Zip ties are like duct tape, you can use them to fix almost anything.
 
Well done! As for a connector, if you can get access to the wires on either side, you could cut, solder and shrink wrap in a "new" junkyard connector.
 
omg. i dont know why i didnt even recommend that to you, ive seen a ton of those connectors causing problems, including my own more then once! you know what i did? i soldiered EVERY wire. i dont have those plugs at all anymore! best thing i have ever done. lol
 
Zip ties are like duct tape, you can use them to fix almost anything.
You aren't kidding and duct tape was also a consideration here. :grin: I know I need to get a real fix for this, but at least for a couple of days, I can get by with this. Just so happy to have my Contour back on the road.

ScotSHO said:
Well done!
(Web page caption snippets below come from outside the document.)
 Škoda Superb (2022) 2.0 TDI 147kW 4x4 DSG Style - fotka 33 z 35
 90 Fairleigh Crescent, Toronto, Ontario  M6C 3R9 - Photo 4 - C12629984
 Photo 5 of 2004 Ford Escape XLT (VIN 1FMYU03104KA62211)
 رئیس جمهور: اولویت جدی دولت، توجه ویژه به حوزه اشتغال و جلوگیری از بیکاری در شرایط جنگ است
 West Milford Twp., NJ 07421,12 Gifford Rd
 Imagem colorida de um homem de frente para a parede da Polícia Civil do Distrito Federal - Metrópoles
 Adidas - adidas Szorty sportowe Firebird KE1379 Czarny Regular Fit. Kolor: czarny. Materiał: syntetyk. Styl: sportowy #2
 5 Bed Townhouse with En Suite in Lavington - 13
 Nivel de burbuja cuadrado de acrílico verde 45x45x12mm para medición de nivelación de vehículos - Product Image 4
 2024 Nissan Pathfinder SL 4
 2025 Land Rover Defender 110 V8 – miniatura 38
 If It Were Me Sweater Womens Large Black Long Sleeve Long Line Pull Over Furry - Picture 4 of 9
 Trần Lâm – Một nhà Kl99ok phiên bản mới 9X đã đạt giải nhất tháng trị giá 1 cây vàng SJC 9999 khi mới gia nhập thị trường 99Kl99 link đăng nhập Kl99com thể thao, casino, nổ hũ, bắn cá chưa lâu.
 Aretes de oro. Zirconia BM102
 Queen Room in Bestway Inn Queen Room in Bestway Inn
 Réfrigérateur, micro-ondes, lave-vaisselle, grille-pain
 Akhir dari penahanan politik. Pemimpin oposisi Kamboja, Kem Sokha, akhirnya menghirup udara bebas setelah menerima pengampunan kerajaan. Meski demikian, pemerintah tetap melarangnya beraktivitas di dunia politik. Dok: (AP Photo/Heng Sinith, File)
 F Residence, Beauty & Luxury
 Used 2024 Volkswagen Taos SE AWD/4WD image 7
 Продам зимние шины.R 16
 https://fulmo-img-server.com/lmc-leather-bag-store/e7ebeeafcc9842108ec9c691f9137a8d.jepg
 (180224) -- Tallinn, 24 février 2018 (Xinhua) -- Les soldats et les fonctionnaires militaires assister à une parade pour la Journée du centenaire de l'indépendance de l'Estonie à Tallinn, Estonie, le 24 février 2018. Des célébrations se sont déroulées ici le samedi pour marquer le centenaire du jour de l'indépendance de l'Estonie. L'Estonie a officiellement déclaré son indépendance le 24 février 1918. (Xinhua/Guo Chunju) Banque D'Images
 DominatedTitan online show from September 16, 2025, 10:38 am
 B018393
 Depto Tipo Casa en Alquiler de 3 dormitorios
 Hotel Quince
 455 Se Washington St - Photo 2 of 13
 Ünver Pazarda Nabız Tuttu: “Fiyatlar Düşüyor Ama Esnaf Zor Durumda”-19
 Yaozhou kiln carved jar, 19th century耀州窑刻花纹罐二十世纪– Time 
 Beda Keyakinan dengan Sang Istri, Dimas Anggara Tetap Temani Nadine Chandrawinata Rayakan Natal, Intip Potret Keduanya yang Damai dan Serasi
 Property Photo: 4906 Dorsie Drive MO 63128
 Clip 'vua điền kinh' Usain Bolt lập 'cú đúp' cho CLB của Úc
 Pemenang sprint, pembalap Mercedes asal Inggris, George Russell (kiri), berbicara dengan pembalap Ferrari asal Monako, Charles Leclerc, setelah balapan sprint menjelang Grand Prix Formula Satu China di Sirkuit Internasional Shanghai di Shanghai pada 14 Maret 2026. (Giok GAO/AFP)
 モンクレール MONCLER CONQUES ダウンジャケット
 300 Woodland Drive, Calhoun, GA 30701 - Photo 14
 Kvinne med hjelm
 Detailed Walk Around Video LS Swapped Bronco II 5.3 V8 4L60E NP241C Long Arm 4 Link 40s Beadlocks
As for a connector, if you can get access to the wires on either side, you could cut, solder and shrink wrap in a "new" junkyard connector.
I was seriously getting ready to call a witch doctor or make a voodoo doll or something. I really thought my Contour had decided to violate the laws of physics. I am thinking I'll try to use weatherpack connectors with soldered pins on either side - found some 6 wire ones. Two of those would do it.

aboythatskates said:
i soldiered EVERY wire.
I was honestly thinking of doing this. It would be tedious and whatnot, but better than the years of therapy which would be necessary the next time some stupid connector causes me this kind of pain. The problem is - and this is a big secret because my wife might flip out if she found out - I am really considering the idea of swapping in a 3L engine from 3lduratec.com. :laugh: For that, I'd probably need to separate the connectors to pull the wiring harnesses into place.


Regardless, this one really had me lost. This car has tremendous sentimental value to me and my family, so keeping it in running condition is key. Back in 99, I found it on a local dealership lot while my dad was recovering after his 96 Contour was in an accident that destroyed it - it got rear-ended hard at a red-light. Anyhow, the day he got out of the recovery place, we drove to the dealership (in my 89 Tempo) and bought this Contour. He passed away in 2009, but otherwise I think he'd still be driving it.

And to those who disliked the Tempo, go ahead and laugh, but I got a TON of mileage out of thing and put almost nothing into it. I had no cash at the time so every "repair" I did involved duct tape and often had no right to work at all. But that car just kept going and going. I still buy Fords today because of that Tempo and this Contour.